| Task objective |
Only the stretch below from the line holding "Man with bottle of protein shake near river" through the line holding "Fototapeta premium Empty" should be restated, word for word and with both ends included; pictures stay out.

| Excerpted records |
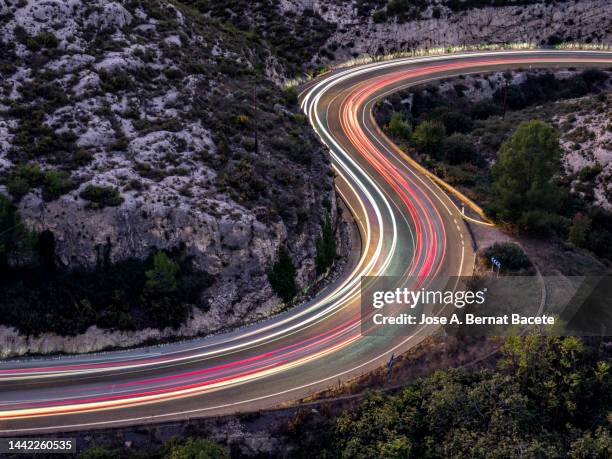 high angle view of light trails on road with curves and ravines at dusk. - vehicle light fotografías e imágenes de stock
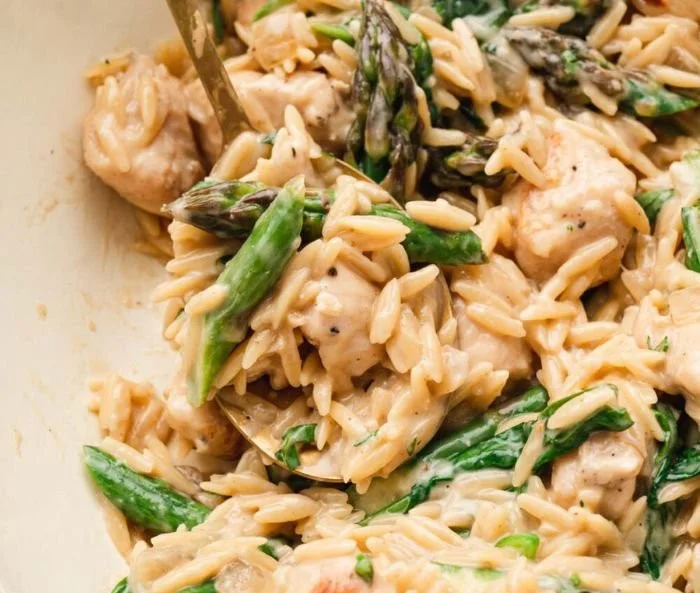 High-protein chicken orzo dish with colorful vegetables and herbs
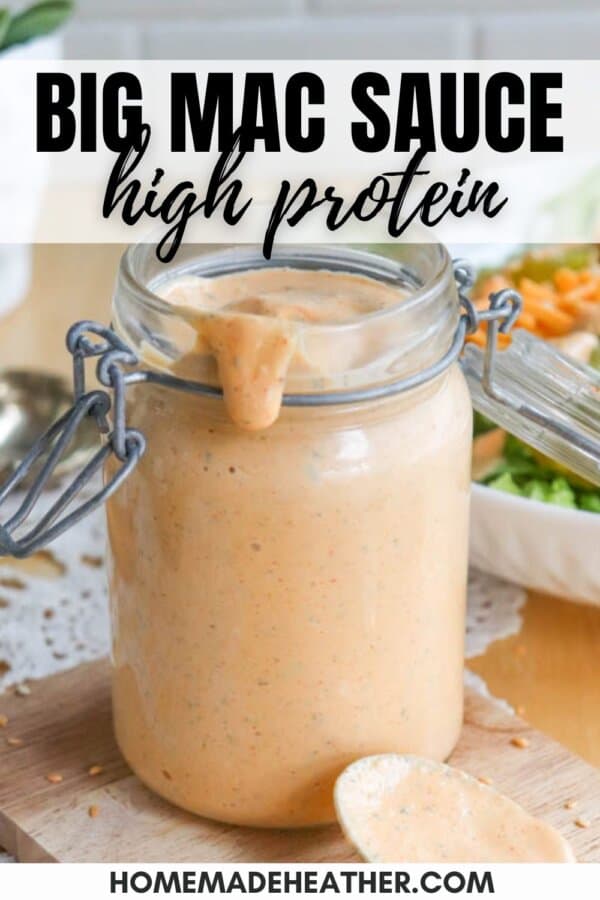 A jar of high-protein Big Mac sauce is open, with some sauce dripping from the rim onto a spoon. The background features a salad and a fork. Text overlay says, BIG MAC SAUCE high protein.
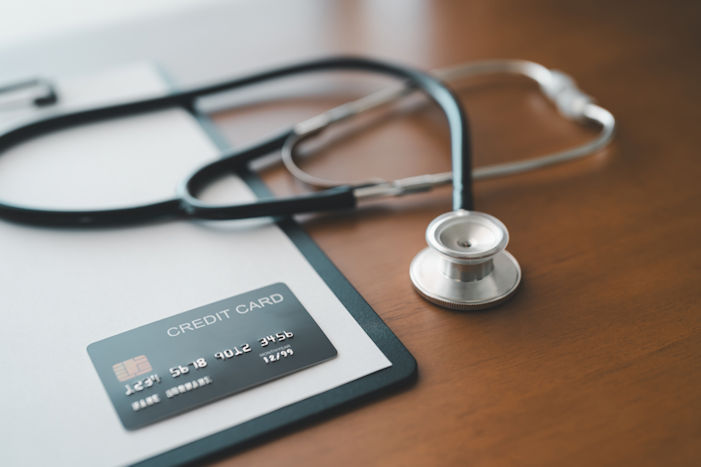 A stethoscope and credit card laying on a patients medical form.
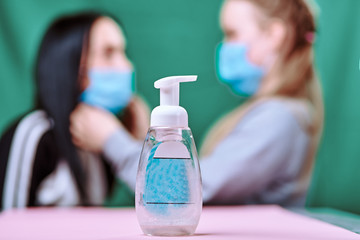 disinfectant fights bacteria. a daughter wearing a blue medical mask dresses her mom 's mask. green background pink table. covid-19. protect the health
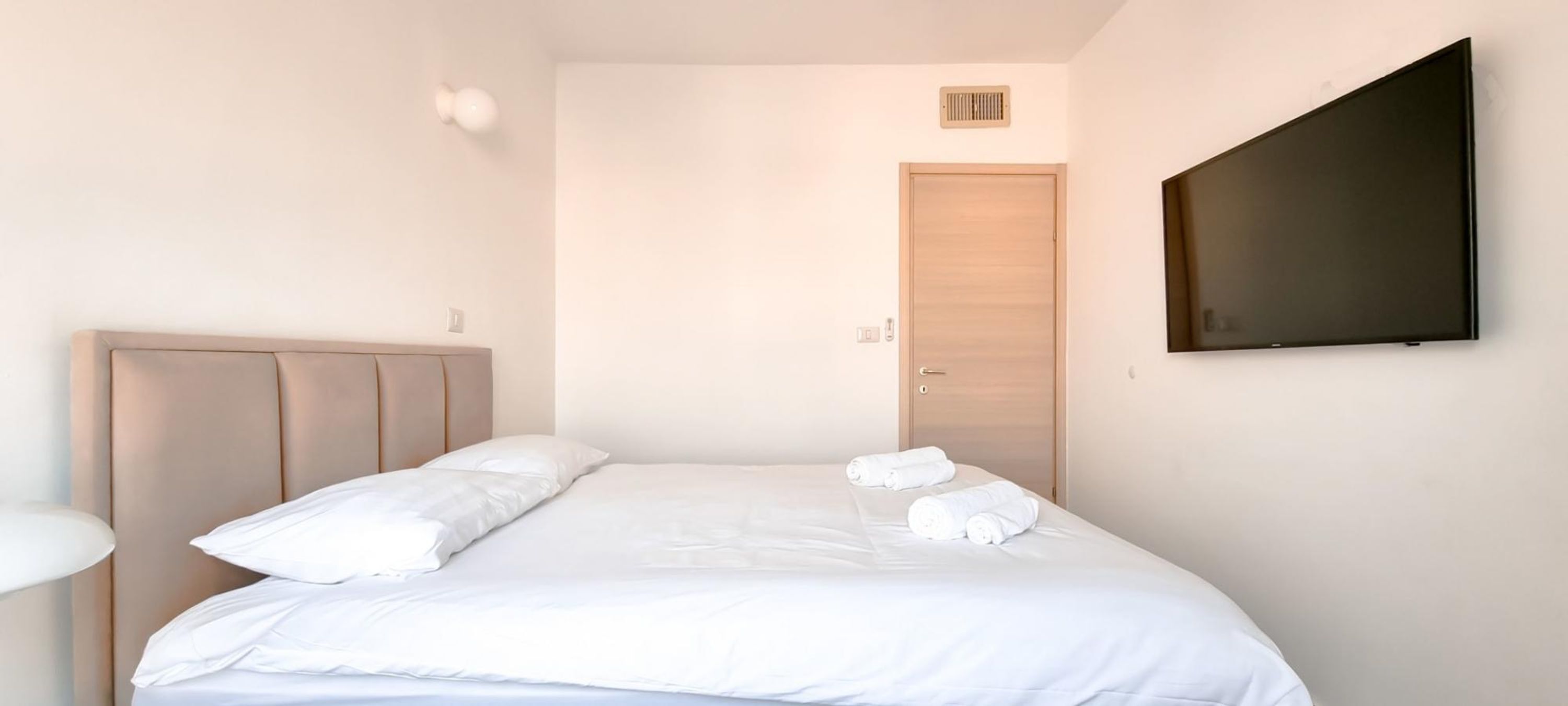 Ein ordentlich bezogenes Bett mit weißen Leinen und Handtüchern, ein Holz-Kopfteil, ein an der Wand befestigtes Fernsehgerät und eine Tür im Hintergrund.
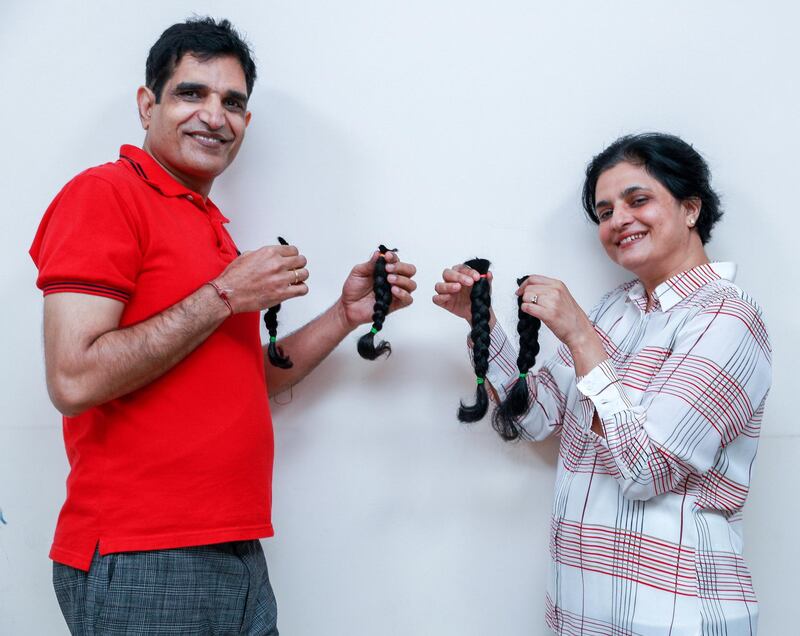 Abu Dhabi, United Arab Emirates, February 4, 2021.  Dr Yogesh Shastri, a gastroenterologist at NMC Speciality Hospital Abu Dhabi, together with his wife Sarika have grown their hair for two years to donate to a wig making charity to help paediatric cancer patients.  The couple after getting proper haircuts.
Victor Besa/The National
Section:  NA
Reporter:  Gillian Duncan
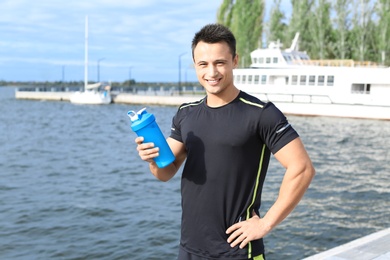 Man with bottle of protein shake near river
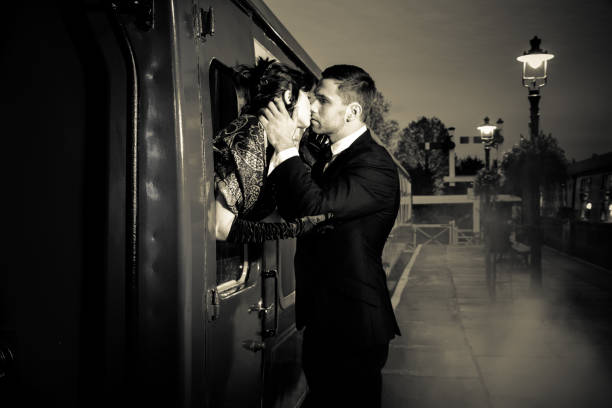 vintage pareja abrazándose y besándose en la plataforma de la estación de ferrocarril como de tren está a punto de salir - depart fotografías e imágenes de stock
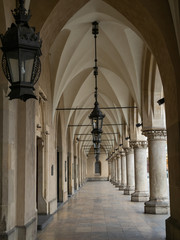 Fototapeta premium Empty arcades of Sukiennice on empty Krakow's Main Market Square during covid-19 coronavirus pandemic.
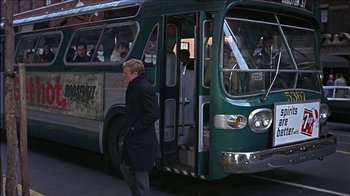 Movie still from “Barefoot in the Park” (1967), directed by Gene Saks – A man in a black coat walking next to a green bus; Wide shot, Over the shoulder angle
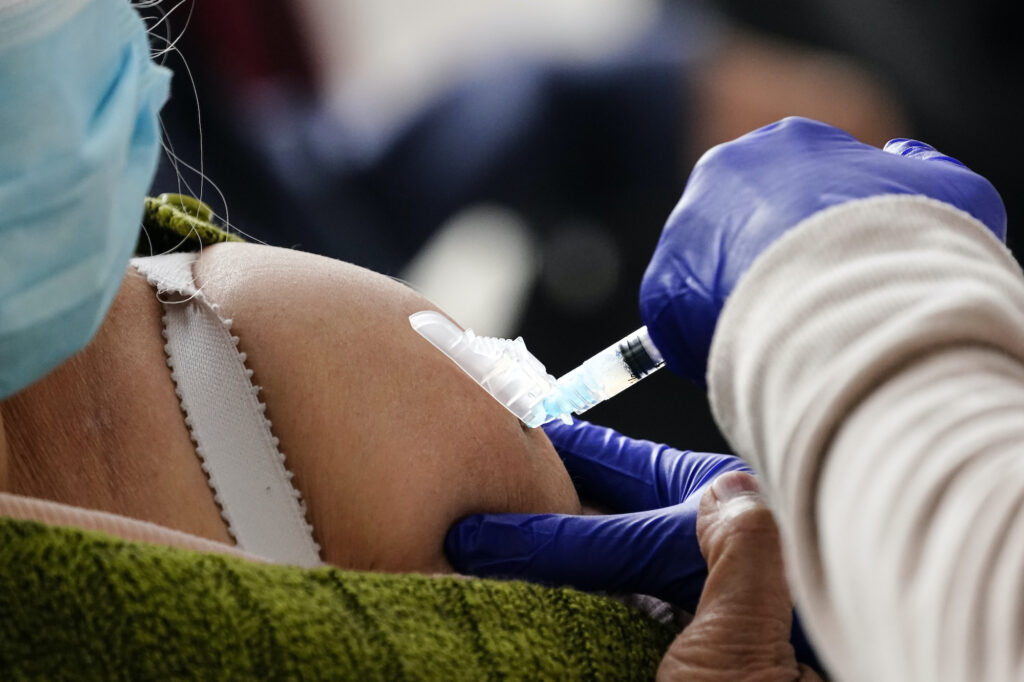 Virus Outbreak Pennsylvania A person receives a COVID-19 vaccinations at a 24-hour, walk-up clinic hosted by the Black Doctors COVID-19 Consortium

| Result of the task |
 Man with bottle of protein shake near river
 vintage pareja abrazándose y besándose en la plataforma de la estación de ferrocarril como de tren está a punto de salir - depart fotografías e imágenes de stock
 Fototapeta premium Empty arcades of Sukiennice on empty Krakow's Main Market Square during covid-19 coronavirus pandemic.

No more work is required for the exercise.